Nationally, as a group of people we all seek preservation….
Tribal preservation will be the key to enhanced social development
and growth for all Indian people. To know what you are, and
where you came from, may determine where you are going.

—ARLY YANAH, Yavapai-Prescott

When we think of historical preservation, I suppose that you think of
something that is old, something that has happened in the past and that
you want to put away on a shelf and bring it out and look at every now
and then … I’m not really sure that that’s the way we want to look at
these things at all. In our way of thinking, everything is a significant
event, and the past is as real as us being here right now. We are all
connected to the things that happened at the beginning of our existence.
And those things live on as they are handed down to us.

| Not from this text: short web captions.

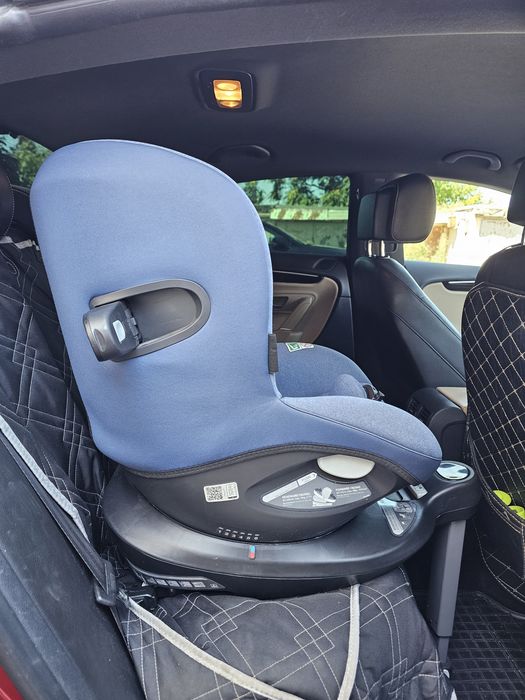 Scaun Joie i-Spin 360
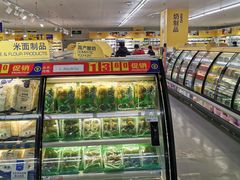 -麦德龙(闵行店)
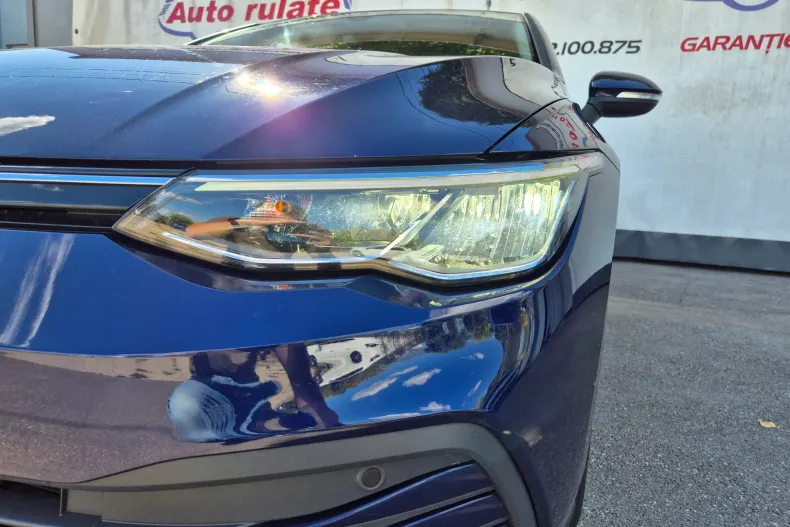 Volkswagen Golf din 2024 cu 47.422 km - oferta VOL131323 - foto 9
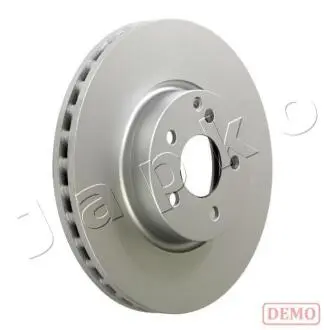 60051C Гальмівний диск JAPKO підбір по vin на Brocar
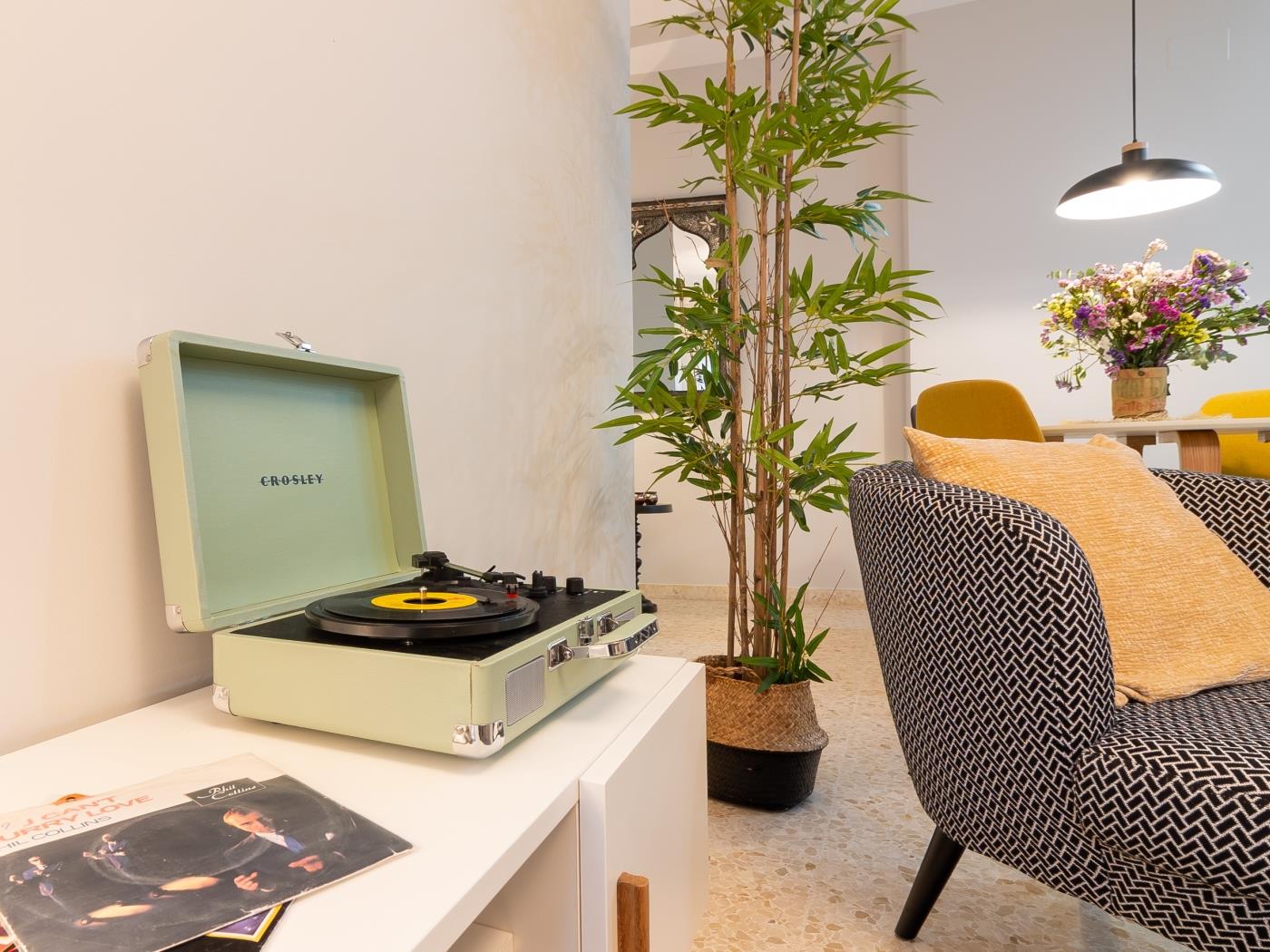 image Málaga Center Flat Aventurero Boutique 5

—PARRIS BUTLER, Fort Mohave

This is a book about the ways in which Native Americans seek to preserve tribal traditions and a sense of Indian identity after decades of misguided federal attempts to force them into the cultural mainstream. Given the size and diversity of America’s native population, with over 550 federally registered American Indian tribes (including Native Alaskan villages), this volume cannot be inclusive. Instead, it offers an overview, outlining an important native revival movement to preserve sacred sites, to retain dance and song traditions, to pass on languages, to identify and use sacred plants, and to repatriate human remains and sacred objects to their tribes of origin. Ultimately, Sacred Objects and Sacred Places demonstrates the resilience of native cultures.

I have tried to make the exceedingly complex information in this book readily accessible so that general readers may begin to understand why tribal peoples are so passionate in defending their sacred objects and sacred places. To that end, academic and professional jargon has been reduced as far as possible. In addition, many native voices are heard in the pages that follow. My goal is to increase public support for tribal preservation without revealing secrets or sensitive cultural information.